TASK ITEM: Each line holding the string "Music" is to be copied from the data.

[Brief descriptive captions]
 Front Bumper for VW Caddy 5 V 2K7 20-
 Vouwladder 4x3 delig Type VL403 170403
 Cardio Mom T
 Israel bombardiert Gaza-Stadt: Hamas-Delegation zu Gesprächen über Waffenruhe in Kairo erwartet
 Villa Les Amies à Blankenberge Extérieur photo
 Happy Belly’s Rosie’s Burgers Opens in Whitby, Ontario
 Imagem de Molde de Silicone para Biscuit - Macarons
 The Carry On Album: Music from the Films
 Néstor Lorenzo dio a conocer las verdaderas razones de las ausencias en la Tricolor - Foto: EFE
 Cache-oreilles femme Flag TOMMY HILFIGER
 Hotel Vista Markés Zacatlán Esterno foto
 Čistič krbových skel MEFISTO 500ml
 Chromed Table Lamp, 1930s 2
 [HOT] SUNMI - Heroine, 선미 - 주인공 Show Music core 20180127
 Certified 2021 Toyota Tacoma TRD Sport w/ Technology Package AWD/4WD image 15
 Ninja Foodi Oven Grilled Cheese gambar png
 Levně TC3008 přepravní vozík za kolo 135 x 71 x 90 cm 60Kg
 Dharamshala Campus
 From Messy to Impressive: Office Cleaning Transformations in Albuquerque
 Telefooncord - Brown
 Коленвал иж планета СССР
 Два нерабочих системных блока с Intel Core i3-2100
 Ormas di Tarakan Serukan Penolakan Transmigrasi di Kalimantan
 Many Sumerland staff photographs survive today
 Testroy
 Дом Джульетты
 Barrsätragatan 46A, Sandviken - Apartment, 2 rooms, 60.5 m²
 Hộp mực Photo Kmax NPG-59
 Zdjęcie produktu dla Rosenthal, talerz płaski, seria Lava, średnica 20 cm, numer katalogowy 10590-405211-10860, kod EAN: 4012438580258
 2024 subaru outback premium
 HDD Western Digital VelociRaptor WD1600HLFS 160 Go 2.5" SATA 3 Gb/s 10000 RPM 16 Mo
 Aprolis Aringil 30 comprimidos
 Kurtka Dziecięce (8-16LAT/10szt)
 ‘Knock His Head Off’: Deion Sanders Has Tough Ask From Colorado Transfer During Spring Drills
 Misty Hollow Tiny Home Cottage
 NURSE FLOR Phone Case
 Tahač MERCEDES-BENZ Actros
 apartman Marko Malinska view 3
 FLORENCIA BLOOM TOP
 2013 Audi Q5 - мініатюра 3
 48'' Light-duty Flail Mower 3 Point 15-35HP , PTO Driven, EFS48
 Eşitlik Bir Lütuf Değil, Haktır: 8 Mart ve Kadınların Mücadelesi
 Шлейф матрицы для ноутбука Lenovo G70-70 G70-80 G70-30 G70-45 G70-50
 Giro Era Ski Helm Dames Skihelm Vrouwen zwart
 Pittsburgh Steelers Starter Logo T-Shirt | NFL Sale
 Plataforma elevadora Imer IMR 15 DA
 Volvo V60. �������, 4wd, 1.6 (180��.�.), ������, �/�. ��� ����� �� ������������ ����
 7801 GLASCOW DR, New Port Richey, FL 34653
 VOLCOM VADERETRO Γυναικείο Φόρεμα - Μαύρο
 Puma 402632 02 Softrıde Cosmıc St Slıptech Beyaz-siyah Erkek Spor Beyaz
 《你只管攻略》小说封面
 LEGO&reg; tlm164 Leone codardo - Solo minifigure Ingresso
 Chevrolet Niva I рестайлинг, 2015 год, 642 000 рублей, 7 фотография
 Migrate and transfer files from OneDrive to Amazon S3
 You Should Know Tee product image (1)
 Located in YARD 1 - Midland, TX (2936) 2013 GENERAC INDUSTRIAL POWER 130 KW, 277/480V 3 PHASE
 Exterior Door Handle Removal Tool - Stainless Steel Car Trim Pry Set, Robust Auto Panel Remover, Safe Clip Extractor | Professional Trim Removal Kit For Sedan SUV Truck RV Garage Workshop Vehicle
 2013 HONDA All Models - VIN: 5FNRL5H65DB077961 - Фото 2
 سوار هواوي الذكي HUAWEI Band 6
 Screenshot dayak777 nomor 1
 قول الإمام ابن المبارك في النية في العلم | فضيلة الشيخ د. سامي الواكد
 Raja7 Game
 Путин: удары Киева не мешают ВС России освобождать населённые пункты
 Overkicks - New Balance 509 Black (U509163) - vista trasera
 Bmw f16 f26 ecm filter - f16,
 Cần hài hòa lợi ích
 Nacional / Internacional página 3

SOLUTION TO THIS TASK:
 The Carry On Album: Music from the Films
 [HOT] SUNMI - Heroine, 선미 - 주인공 Show Music core 20180127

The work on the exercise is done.